↓↓↓

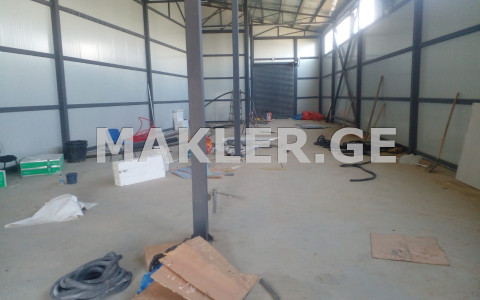  ქირავდება 340 m² ფართობის კომერციული ფართი თბილისში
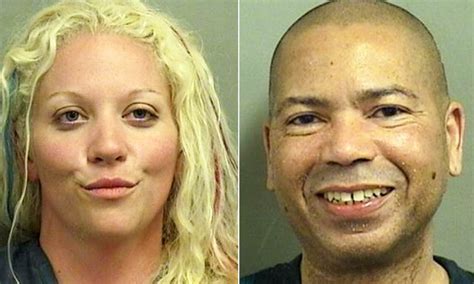 man 53 and woman 34 arrested for having sex on the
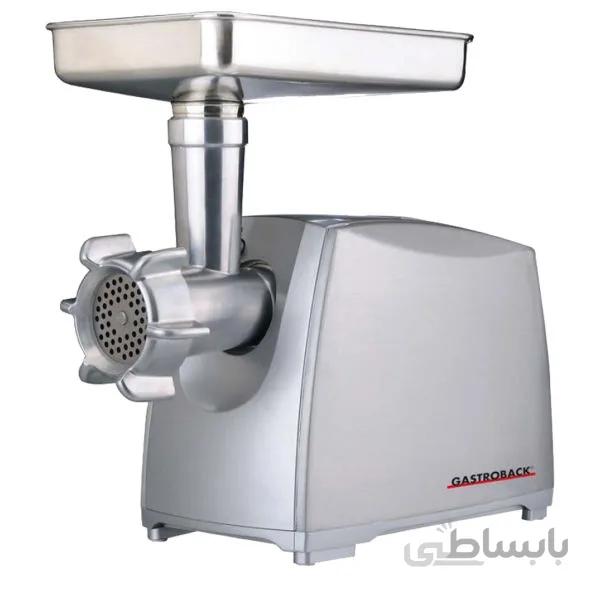 چرخ گوشت گاستروبک مدل 41408
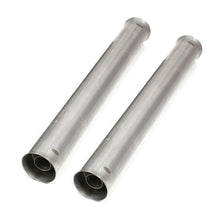 Load image into Gallery viewer, DOUGS HEADERS D952 Max Flow Muffler Side Pipe Inserts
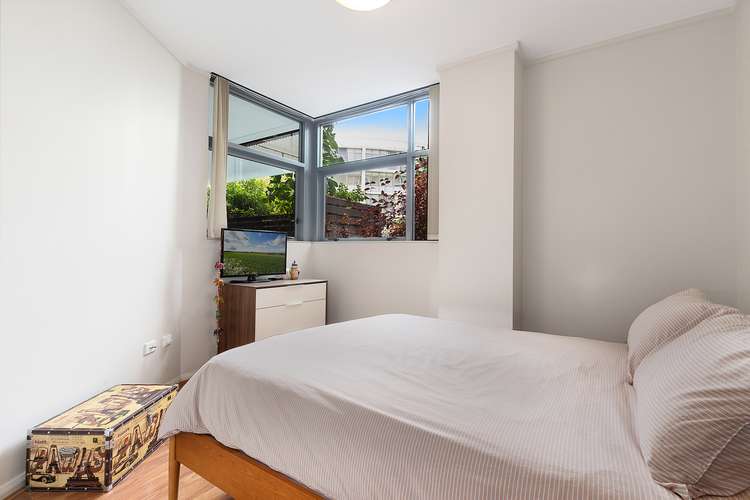 Second view of Homely apartment listing, 105/140 Maroubra Road, Maroubra NSW 2035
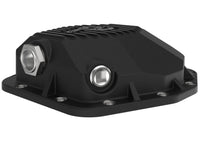 aFe Power Cover Diff Rear Machined 2019 Ford Ranger (Dana M220) - My Store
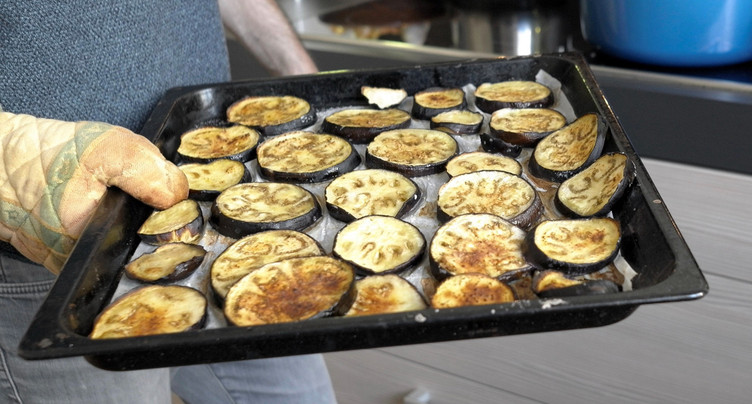 « Chaud Devant » : Michel Angi 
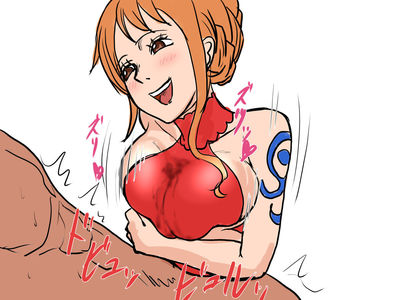 One Piece OnlyFans Leak Picture - Thumbnail NWukYu93n2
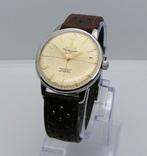 Atlantic Worldmaster Super De Luxe - cal. UNITAS 6300(N) -, Nieuw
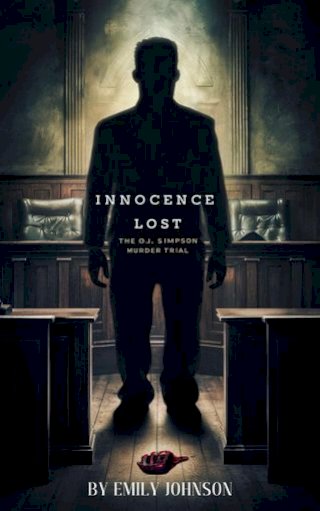 Innocence Lost: The O.J. Simpson Murder Trial(Kobo/電子書)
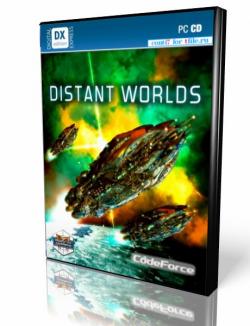 Distant Worlds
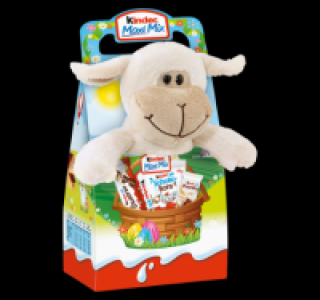 FERRERO Kinder Maxi Mix 8.99 €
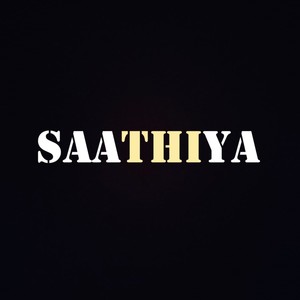 Saathiya (feat. shiva ramgharia)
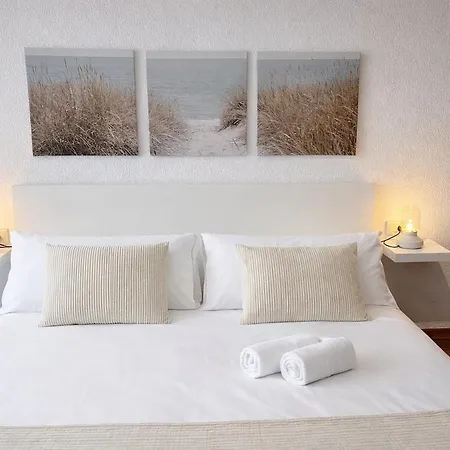 Apartament Eden Nautilus Sea&sunset Views Bajamar (La Laguna)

↑↑↑

Go through the entries and retype them exactly, except for the images.

Task answer -
  ქირავდება 340 m² ფართობის კომერციული ფართი თბილისში
 man 53 and woman 34 arrested for having sex on the
 چرخ گوشت گاستروبک مدل 41408
 Load image into Gallery viewer, DOUGS HEADERS D952 Max Flow Muffler Side Pipe Inserts
 Second view of Homely apartment listing, 105/140 Maroubra Road, Maroubra NSW 2035
 aFe Power Cover Diff Rear Machined 2019 Ford Ranger (Dana M220) - My Store
 « Chaud Devant » : Michel Angi 
 One Piece OnlyFans Leak Picture - Thumbnail NWukYu93n2
 Atlantic Worldmaster Super De Luxe - cal. UNITAS 6300(N) -, Nieuw
 Innocence Lost: The O.J. Simpson Murder Trial(Kobo/電子書)
 Distant Worlds
 FERRERO Kinder Maxi Mix 8.99 €
 Saathiya (feat. shiva ramgharia)
 Apartament Eden Nautilus Sea&sunset Views Bajamar (La Laguna)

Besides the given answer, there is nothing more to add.